Don’t confuse strategy and execution.

Strategy and execution are at opposite poles of the spectrum. The former demands a broad view and some imagination – the ability to speculate and innovate. A light touch. Sometimes even a sense of humor.

Execution on the other hand demands a tight focus and the ability to follow the rules. An organization needs both. When it comes to productivity–something you can measure–we are usually talking about execution. This is good as far as it goes, but sometimes we take it too far.

The other day I was pushing a vacuum around the office but I might as well have been on Mars. My colleagues were sitting diligently at their computers, headsets on, focused, being productive. Spending time diligently at your computer is the new definition of work. Anything else is suspect.

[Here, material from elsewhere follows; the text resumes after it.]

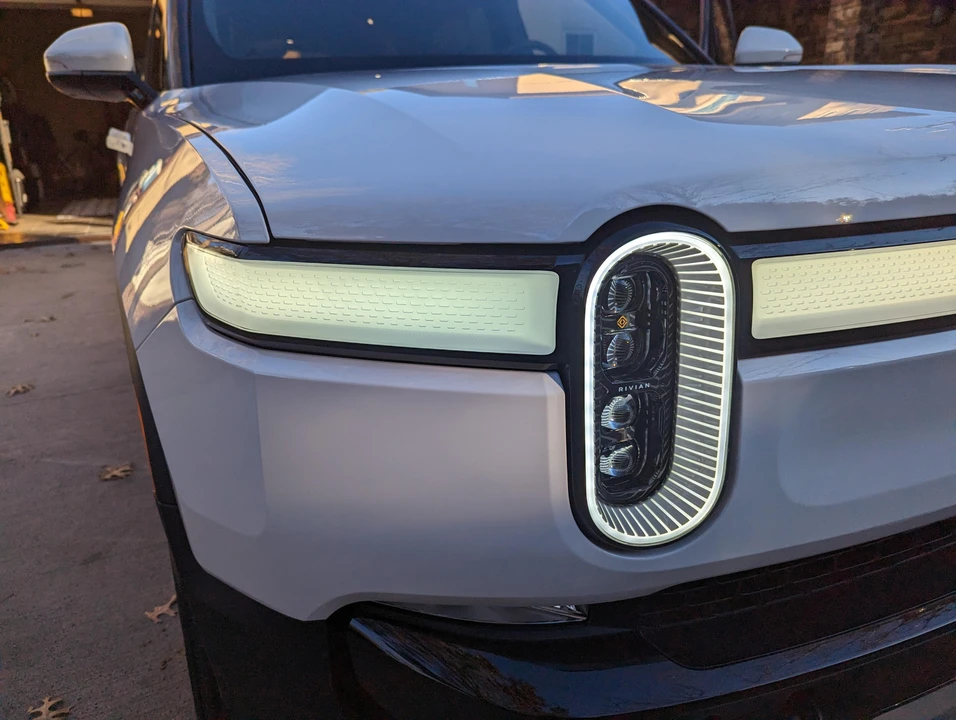 2022 Rivian R1S - Image 23 of 31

The Net is full of advice blogs telling you how to have efficient meetings—generally, the fewer and the shorter the better; with a tight agenda and action items—so you can get back to work, which means sitting at your machine, being productive.

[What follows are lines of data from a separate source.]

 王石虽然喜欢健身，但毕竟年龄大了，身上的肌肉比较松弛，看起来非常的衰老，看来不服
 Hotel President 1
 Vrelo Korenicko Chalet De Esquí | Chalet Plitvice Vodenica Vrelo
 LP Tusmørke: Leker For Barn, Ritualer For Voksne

Some groups have walking meetings, but come on?

Productivity is the gospel of our age, but what does it mean? From a distance it often means tapping on keyboards and sliding a mouse.

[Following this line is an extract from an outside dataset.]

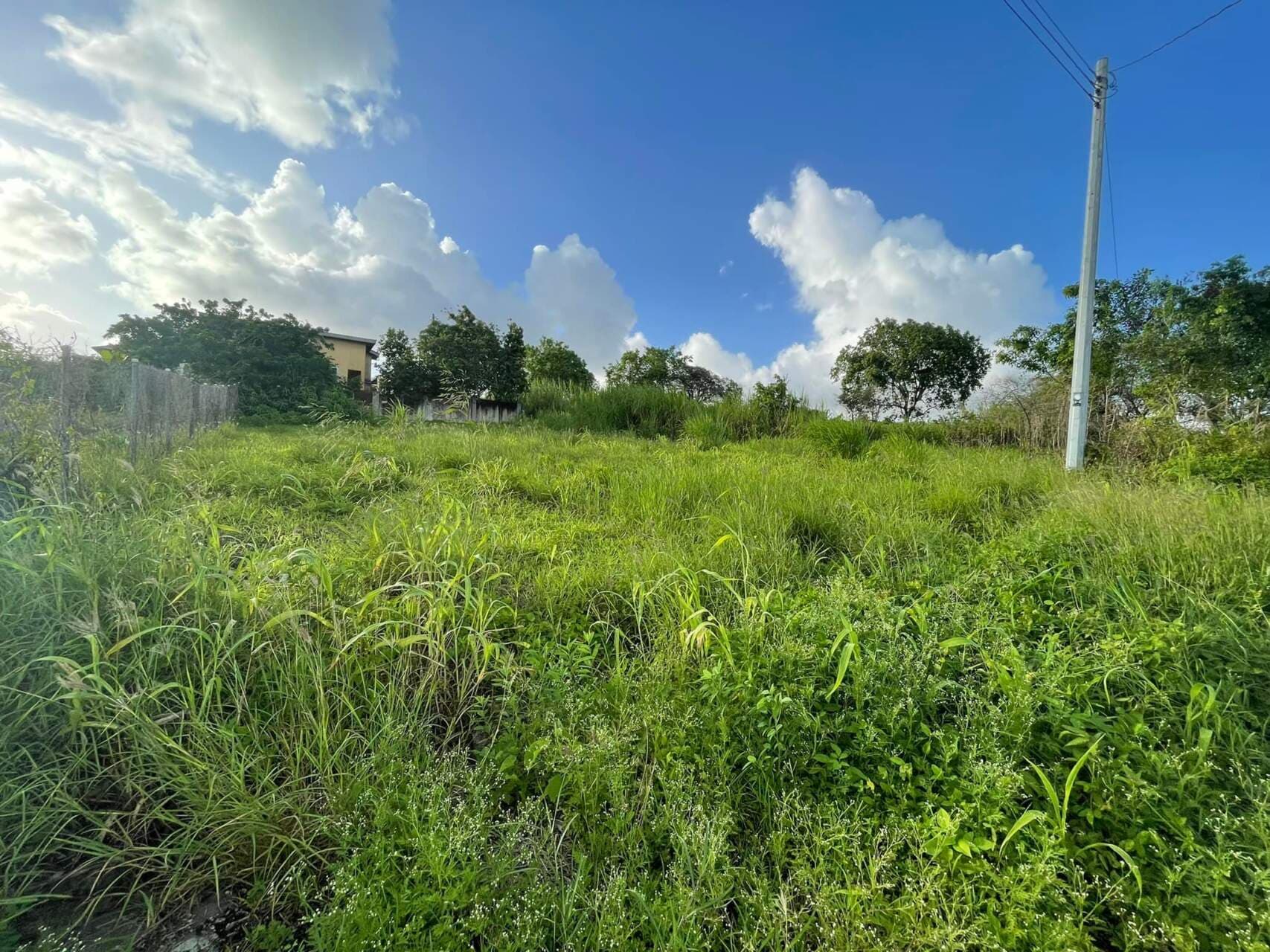 Land For Sale – La Romain, La Romain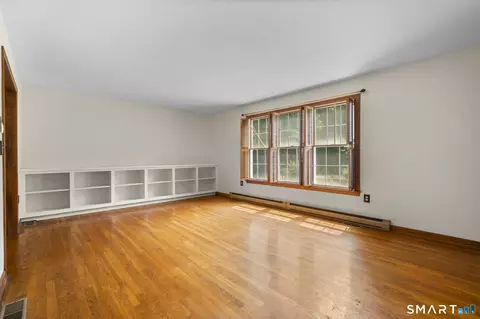 Living - 43 Robinhood Dr, Gales Ferry, CT 06335 photo 2 of 6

What is happening is execution. The tasks are relatively clear. Let’s get on with it. Today, most of the tools are digital. Whether you are an architect, a manager, a scientist or a cop in a patrol car, it’s mostly about the laptop, or maybe the PC and don’t forget the smartphone.

In the background of execution lies a set of shared assumptions. A fancy term for this is strategy—the roadmap of where we want to go.

The strategy may be brilliant, but it was set in the past. Execution is really just a test of strategy. Yet there is no perfect strategy.

It is the role of management to set the course and monitor the execution. But reality is complicated. Sometimes you get lucky—you are riding a wave you are not even aware of. Other times you deserve better, but some random act knocks you off course.

The only way to know is step back, sometimes way back. To remove yourself from the day-to-day and all those shared assumptions. You discover something new. It is often from a source outside your usual context. From your viewpoint, it is an anomaly. Suddenly the strategy is suspect.

You realize all that efficiency and productivity may be taking on the wrong route. Perhaps a nimble upstart has devised something new that will make you and your known competitors an anachronism. You have to study your world more deeply, cast a wider net.

This is inimical to the notion of productivity which, by its nature, demands a narrow focus.

How to find the balance?

Sometimes I do that “management by walking around” thing. It is informal. This is how I get to know people. “How is your day going?” is one of my standard lines.

On the surface, there is no agenda but instead a strategic purpose, to prepare the ground for what comes later.

Maybe some storytelling and a few laughs. After a while you get to know your co-workers, their likes and dislikes, their strengths and weaknesses. In a group setting, it creates a certain atmosphere and sense of belonging.

Later, when it is time to confront an important decision that must be made quickly, you discover there is a collective wisdom. Everyone brings their special talents to the table. A few scenarios are tossed out. The decision is made. There is a kind of cosmic efficiency that comes from this holistic approach.

I remember watching my father-in-law and his brothers at the maple sugar camp. They had grown up together and knew each other well. When the sap runs it is all hands on deck, day or night.

The boiling camp is a complicated operation. Wood is fed into the boiler, sap into the pan. Customers wander around enjoying the scene but getting in the way. Someone checks the specific gravity and the syrup drawn off at just the right time.

The customers buy some maple products: syrup, sugar, butter, leaves. People have to be fed. An ATV arrives with supplies.

It is a sort of controlled chaos. There are many technical operations to keep track of, some laughs and teasing at the same time. This is how people have worked in groups since the dawn of time. It is informal but sophisticated. There is a sense of flow.

People look up. They have to communicate in tight quarters. Joking around helps. Young people watch the older ones. They are learning a subtle set of social rules as well as the technical stuff.

Outside the weather changes. It is warming up. There is a light drizzle. The sap stops running. Soon it will be time to clean the pans. Head home.

Nature is a mysterious force. It is hard to predict exactly when the sap will start running and how long it will run. When the season will start and when it will it end.

There are many technical tasks but the groups has to have its own wisdom—that sense of the bigger picture. The tools are just tools and everyone knows it.

The “why” is clear: The season is short and the sap is rare. The syrup is delicious and it can be made into many more products. Making the stuff is an experience in itself.

You are out in the woods. Your senses are alive. Strategy and execution have to blend. At the end of the day someone sweeps out the boiling camp.

I shut off the vacuum. Get back to work.